Task to complete
Return the following from the records below: each line, word for word, starting with the line that contains "最新蓝海项目，只要会复制粘贴" and going on through the line that contains "BP. High-Neck Ribbed", with nothing outside that range.

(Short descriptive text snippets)

• • • • •

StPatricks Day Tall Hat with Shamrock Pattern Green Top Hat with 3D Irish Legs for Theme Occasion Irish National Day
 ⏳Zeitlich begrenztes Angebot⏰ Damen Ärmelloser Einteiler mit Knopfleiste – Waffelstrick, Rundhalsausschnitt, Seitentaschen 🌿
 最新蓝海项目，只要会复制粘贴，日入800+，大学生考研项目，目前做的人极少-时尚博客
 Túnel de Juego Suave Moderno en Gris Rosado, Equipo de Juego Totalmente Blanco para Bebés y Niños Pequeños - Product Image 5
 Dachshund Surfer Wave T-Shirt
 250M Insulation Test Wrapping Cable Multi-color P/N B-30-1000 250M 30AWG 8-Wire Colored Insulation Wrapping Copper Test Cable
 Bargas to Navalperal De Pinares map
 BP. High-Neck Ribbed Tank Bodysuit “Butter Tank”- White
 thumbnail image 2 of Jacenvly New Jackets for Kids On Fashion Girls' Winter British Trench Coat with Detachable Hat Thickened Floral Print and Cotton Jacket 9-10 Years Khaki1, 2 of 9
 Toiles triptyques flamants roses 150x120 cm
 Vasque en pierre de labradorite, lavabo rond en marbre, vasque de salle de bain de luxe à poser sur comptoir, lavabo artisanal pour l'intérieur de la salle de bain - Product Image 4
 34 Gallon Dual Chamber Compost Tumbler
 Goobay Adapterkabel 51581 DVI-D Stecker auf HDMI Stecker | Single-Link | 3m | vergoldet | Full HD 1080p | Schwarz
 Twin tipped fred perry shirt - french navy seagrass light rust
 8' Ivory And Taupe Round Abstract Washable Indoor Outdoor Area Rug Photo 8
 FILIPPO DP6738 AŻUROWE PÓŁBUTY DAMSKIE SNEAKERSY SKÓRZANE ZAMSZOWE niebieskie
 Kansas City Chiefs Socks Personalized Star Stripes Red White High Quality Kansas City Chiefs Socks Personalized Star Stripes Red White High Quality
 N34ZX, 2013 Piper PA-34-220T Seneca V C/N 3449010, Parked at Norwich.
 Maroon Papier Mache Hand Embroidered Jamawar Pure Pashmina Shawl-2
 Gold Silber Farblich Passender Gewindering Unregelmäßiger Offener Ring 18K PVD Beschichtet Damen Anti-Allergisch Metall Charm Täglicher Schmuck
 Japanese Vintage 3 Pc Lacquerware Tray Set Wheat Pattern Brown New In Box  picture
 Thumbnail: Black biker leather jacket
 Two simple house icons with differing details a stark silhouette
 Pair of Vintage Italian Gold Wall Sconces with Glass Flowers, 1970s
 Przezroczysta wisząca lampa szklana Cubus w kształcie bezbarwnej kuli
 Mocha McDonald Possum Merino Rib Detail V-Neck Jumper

• • • • •

Answer box
 最新蓝海项目，只要会复制粘贴，日入800+，大学生考研项目，目前做的人极少-时尚博客
 Túnel de Juego Suave Moderno en Gris Rosado, Equipo de Juego Totalmente Blanco para Bebés y Niños Pequeños - Product Image 5
 Dachshund Surfer Wave T-Shirt
 250M Insulation Test Wrapping Cable Multi-color P/N B-30-1000 250M 30AWG 8-Wire Colored Insulation Wrapping Copper Test Cable
 Bargas to Navalperal De Pinares map
 BP. High-Neck Ribbed Tank Bodysuit “Butter Tank”- White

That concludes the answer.